Das jedenfalls waren Angriffskriege, und ich denke auch nicht, dass Umar jedes Mal den Koran befragt hat (der zu Umars Zeiten bestenfalls in Fragmenten vorlag), bevor er ins Feld zog.

Wenn jemand versucht, die Verse (2,190-193) in Deinem Sinne zu deuten, ist es eine gute Sache, wenngleich das durch die geschichtliche Entwicklung infrage zu stellen ist.

Ich ziehe es daher vor, die Verse so zu verstehen, wie ich es beschrieben habe, und ihnen über das hinaus, was sie anlassbezogen (für Eroberung von Mekka) einmahnen, keine weitere Bedeutung zuzumessen.

melek schrieb:Und da sind auch noch einige Verse mehr, die das stützen.
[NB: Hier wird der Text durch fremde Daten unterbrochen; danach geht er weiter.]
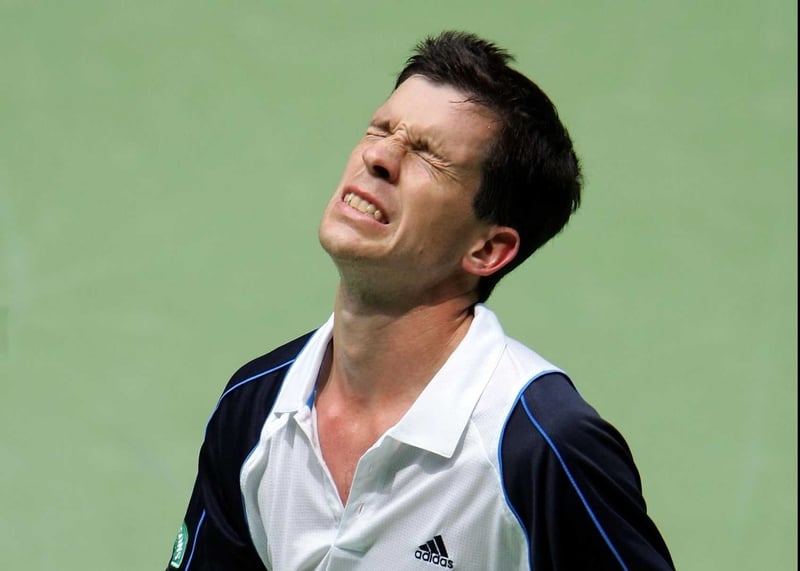 Tim Henman beaten by young pretender Andy Murray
Was helfen die schönsten Theorien und die beste Absicht, wenn der Verlauf der Geschichte dem entgegensteht?

Was half das christliche Liebesgebot jenen, die von christlichen Kämpfern massakriert wurden?

Es ist gut, wenn man heute versucht, die Texte versöhnlich zu lesen und zu verstehen. Die Geschichte zeigt, dass man sie auch anders lesen und verstehen konnte.
MfG B.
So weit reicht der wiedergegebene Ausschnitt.